Descriptieve grammatica De grammatica die de taalkundige schrijft van een taal geeft de
kennis van alle sprekers weer
Prescriptieve grammatica Schrijft voor welke vormen van een taal goed zijn en welke
niet, anti-verandering
Gemeenschappelijke eigenschappen van talen Universalia
- Alle talen bestaan uit kleine elementen (klanken, handvormen)
- Alle gesproken talen hebben klinkers en medeklinkers
- In alle talen kan men een bezwering ontkennen, vragen stellen en bevelen geven
- Alle talen hebben woorden voor zwart, wit, donker en licht
Onomatopee(ën) klanknabootsende woorden (kukeleku, niezen, tsjilpen) het woord
weerspiegeld de werkelijke betekenis
Fonetiek technische klankleer, verschil tussen bak en dak, trillingsfrequentie
Fonologie klankleer, welke klanken zijn er/combinaties , hoe klinkt het etc.
Morfologie woordleer, hoe zijn woorden opgebouwd, tafel-tje-s , woord-leer, vervoeging
ww’en
Semantiek betekenisleer, betekenis van woorden, zinnen en combinaties, relaties tussen
woorden
Syntaxis zinsleer, grammatica, welke onderdelen zitten er in zinnen
Pragmatiek gebruik van taal, hoe gebruik je het
Consonant: medeklinker
Vocaal: klinker
Morfeem: een deel van een woord met een eigen betekenis, dat niet in kleine woorddelen
met eigen betekenissen kan worden opgesplitst.
- Vrij morfeem: komt als zelfstandig woord voor. (struik in struikrovers)
- Gebonden morfeem: komt uitsluitend voor in een combinatie met een vrij morfeem (-s
in struikrovers).
Prefix (voorvoegsel): gebonden morfemen die voor een vrij morfeem worden geplaatst.
Suffix (achtervoegsel): gebonden morfemen die achter een vrij morfeem worden geplaatst.
Grafeem: een foneem is een spraakklank die wordt geschreven door middel van de
grafemen.
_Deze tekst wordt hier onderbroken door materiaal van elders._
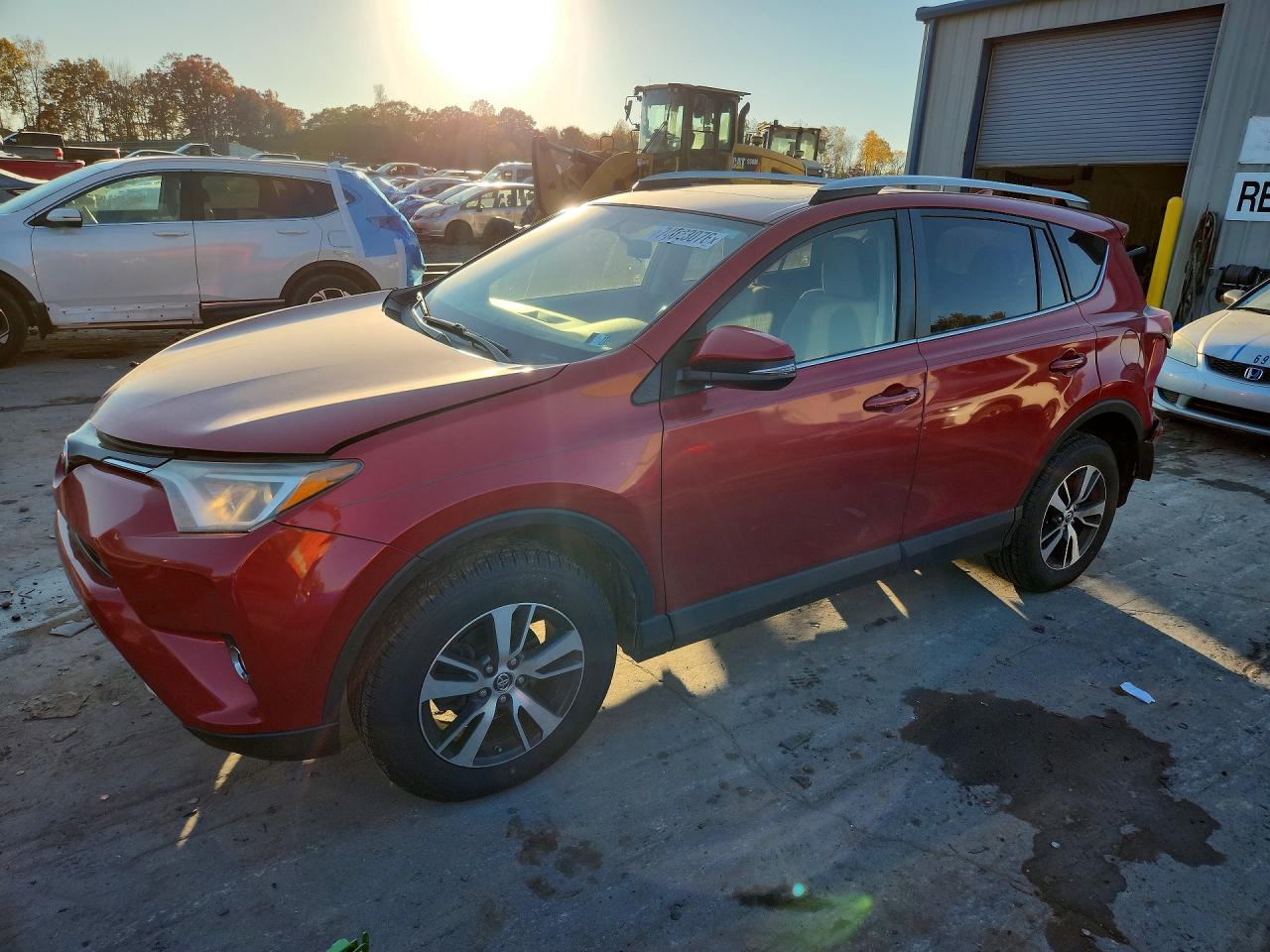 2016 TOYOTA RAV4 XLE | JTMWFREV8GJ087734 | UPCARS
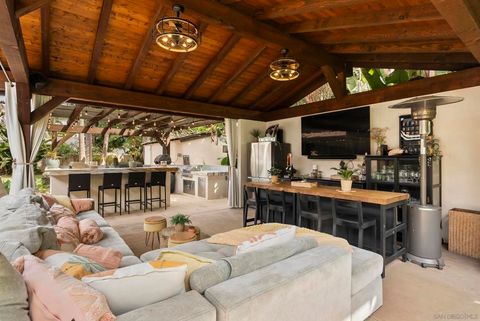 489 La Costa Ave. Encinitas CA 92024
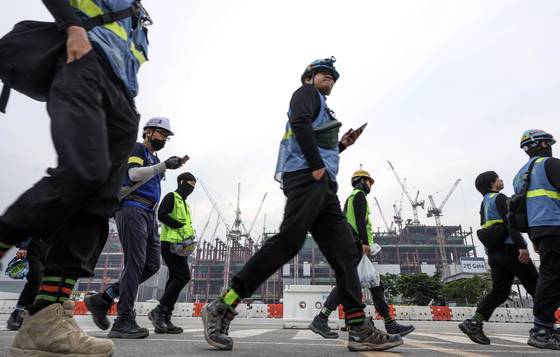내국인 근로자들이 경기도 한 반도체 공장 건설 현장으로 출근하고 있다. 2023년 6월 모습. 김성룡 기자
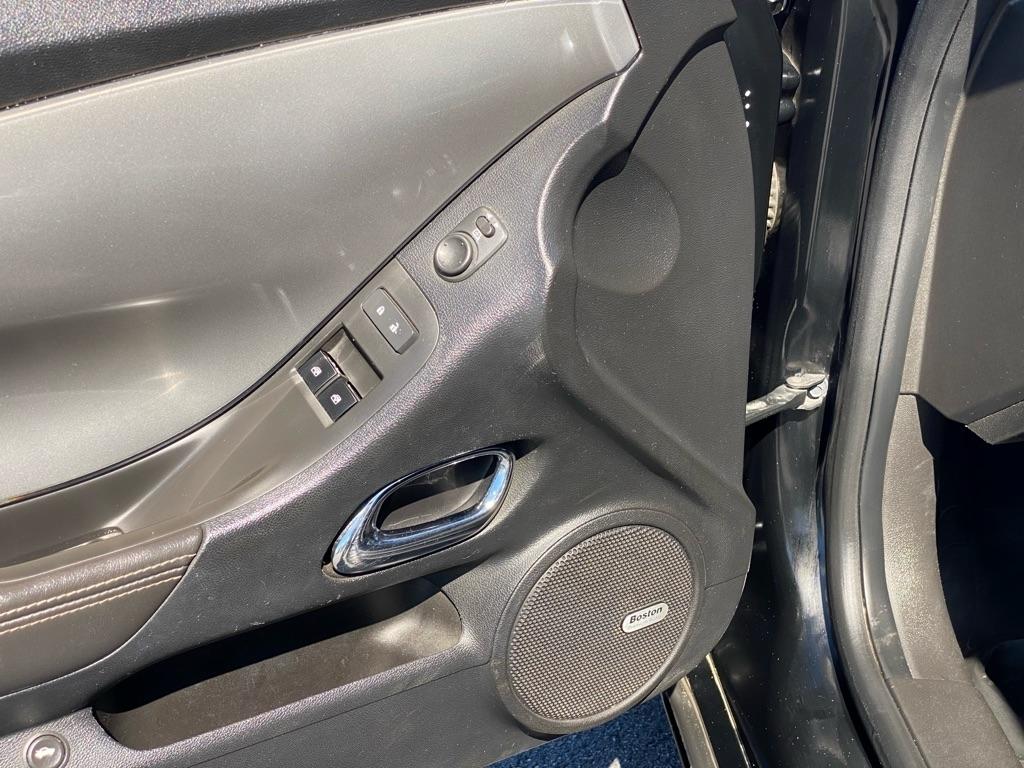 Chevrolet Camaro  2013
In onze taal is dat een letter of lettercombinatie. Ei, eu oe zijn allemaal grafemen.
Het Nederlands kent 34 verschillende fonemen en we hebben daarvoor 26 letters.
Foneem: de kleinste klankeenheid die een verschil in betekenis uit kan maken. Eenvoudige
voorbeelden van fonemen in de Nederlandse taal zijn de /b/ in /bak/ en de /d/ in /dak/: de /b/
respectievelijk de /d/ zorgen er als enige voor, dat het woord een andere betekenis krijgt, dus
zijn dit fonemen
Allofoon: varianten van hetzelfde foneem (uitspraakverschillen) die geen betekenisverschil
met zich meebrengen. De –k in kit en in kat wordt anders uitgesproken en op een andere
plaats in de mond. Als je de ene –k verandert door de andere k- blijft de betekenis gelijkt.